Somewhere along the way, “analytics” became synonymous with “spin up a Kafka cluster, a Spark fleet, and a BI platform that costs more than your mortgage.” You’ve got a 5 GB CSV from your Frigate camera events. You want to know which hour of the day gets the most motion triggers. Someone in a conference room is about to suggest you “build a data lake.”

Don’t let them.

DuckDB is what happens when the SQLite team looks at the analytics world and says, “this is embarrassing.” It’s a single binary, in-process columnar OLAP database that reads CSV, Parquet, JSON, and Arrow directly—no import, no server, no YAML manifests for a Kubernetes operator. You run a SQL query against a file on disk and get an answer in seconds.

Let’s get into it.

What DuckDB Actually Is

Think SQLite, but built for the query patterns that SQLite hates: full table scans, group-bys, aggregations, window functions over 50 million rows. SQLite is row-oriented and optimized for transactional workloads—lots of small reads and writes to individual records. DuckDB is column-oriented, which means when you SELECT sum(amount) FROM sales, it only reads the amount column from disk. The other 40 columns don’t exist for that query.
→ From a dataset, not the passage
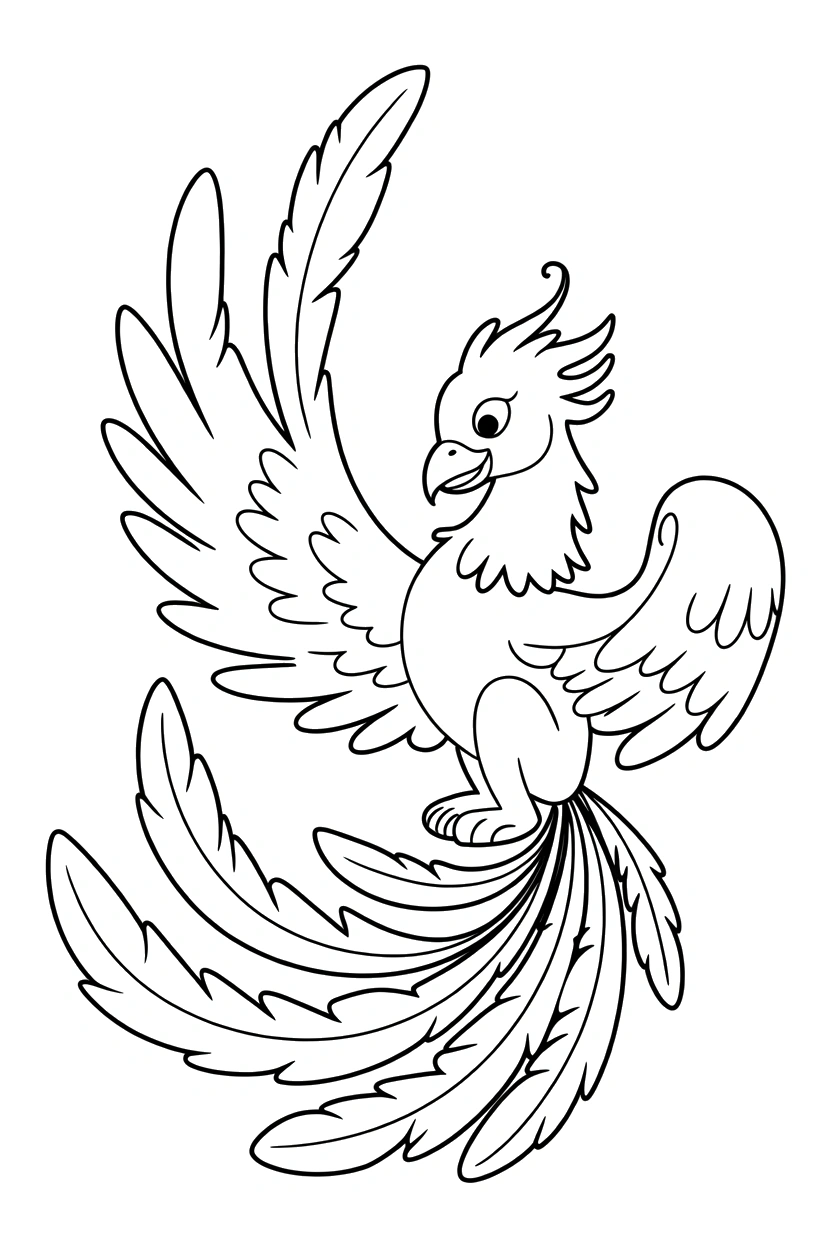 grooming phoenix feather detail coloring pages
They’re complements, not competitors. The DuckDB team will tell you this themselves. Use SQLite for your application’s operational data. Use DuckDB when you need to ask questions about that data at scale.

DuckDB 1.x (the current stable line as of 2026) ships with:

Vectorized execution engine
Parallel query execution out of the box
Native Parquet, CSV, JSON, and Arrow support
Extensions for S3/R2/GCS (httpfs), Iceberg, Delta Lake, and more
Python, Node, Rust, Go, and Java bindings
A dead-simple CLI

Zero servers. Zero configuration. One file or no file at all.

Installing It

Three reasonable ways depending on your setup:

# Python ecosystem (recommended for data work)
pipx install duckdb

# macOS / Linux with Homebrew
brew install duckdb

# Or just grab the static binary
wget https://github.com/duckdb/duckdb/releases/latest/download/duckdb_cli-linux-amd64.zip
unzip duckdb_cli-linux-amd64.zip
chmod +x duckdb
sudo mv duckdb /usr/local/bin/

Then pop into the CLI:

duckdb mydb.duckdb

No database file? No problem—just run duckdb with no arguments and you get an in-memory session. Perfect for one-off queries against files you’ll never import.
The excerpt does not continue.